§ Listed records

_____

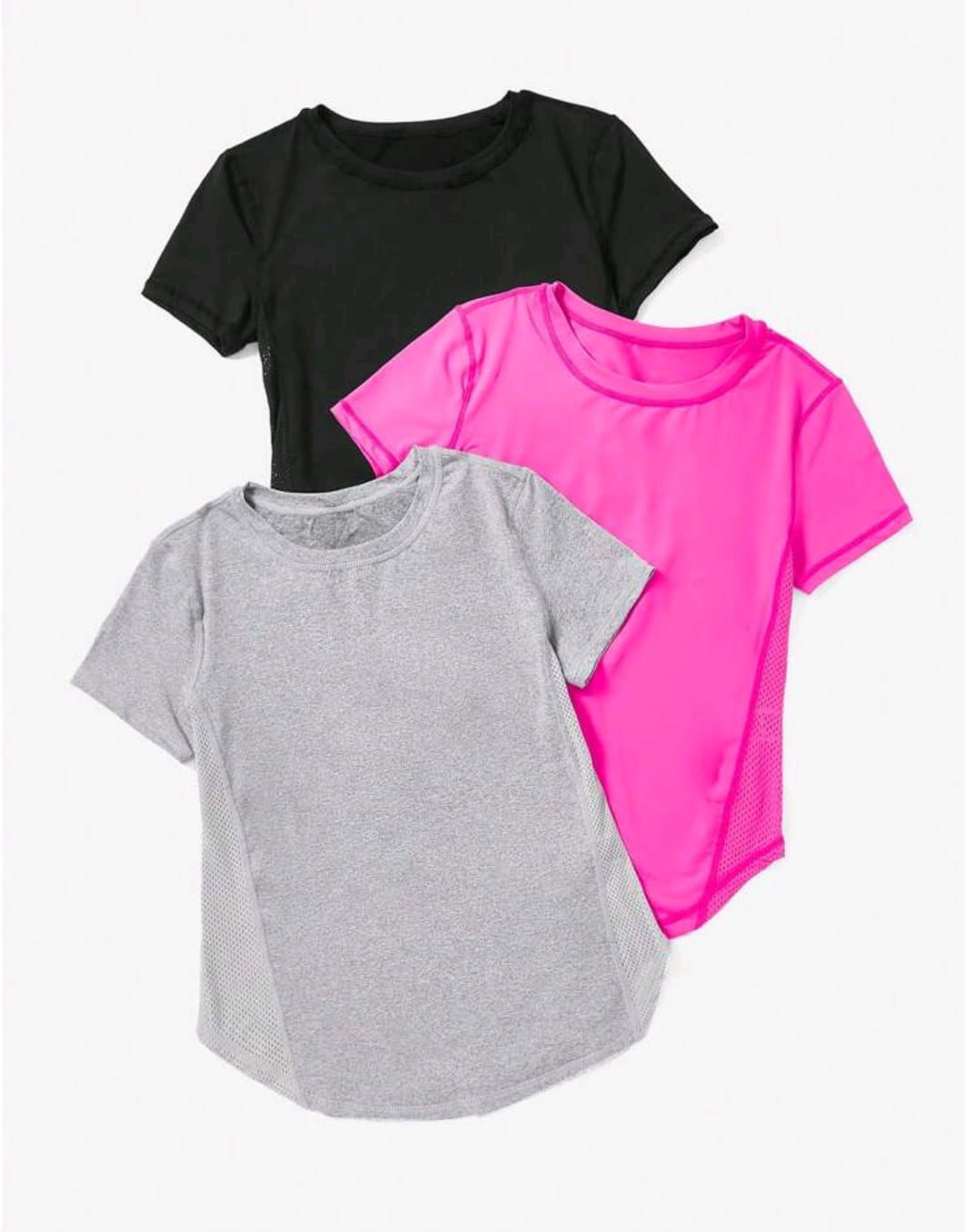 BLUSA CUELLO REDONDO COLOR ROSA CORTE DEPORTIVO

_____

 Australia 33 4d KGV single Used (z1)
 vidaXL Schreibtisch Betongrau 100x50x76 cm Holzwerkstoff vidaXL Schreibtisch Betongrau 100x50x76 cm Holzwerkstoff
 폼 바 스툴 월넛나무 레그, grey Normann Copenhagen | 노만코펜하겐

_____

From the line holding "Australia 33 4d KGV single Used (z1)" to the line holding "폼 바 스툴 월넛나무", inclusive, restate each line above exactly as written.

 Australia 33 4d KGV single Used (z1)
 vidaXL Schreibtisch Betongrau 100x50x76 cm Holzwerkstoff vidaXL Schreibtisch Betongrau 100x50x76 cm Holzwerkstoff
 폼 바 스툴 월넛나무 레그, grey Normann Copenhagen | 노만코펜하겐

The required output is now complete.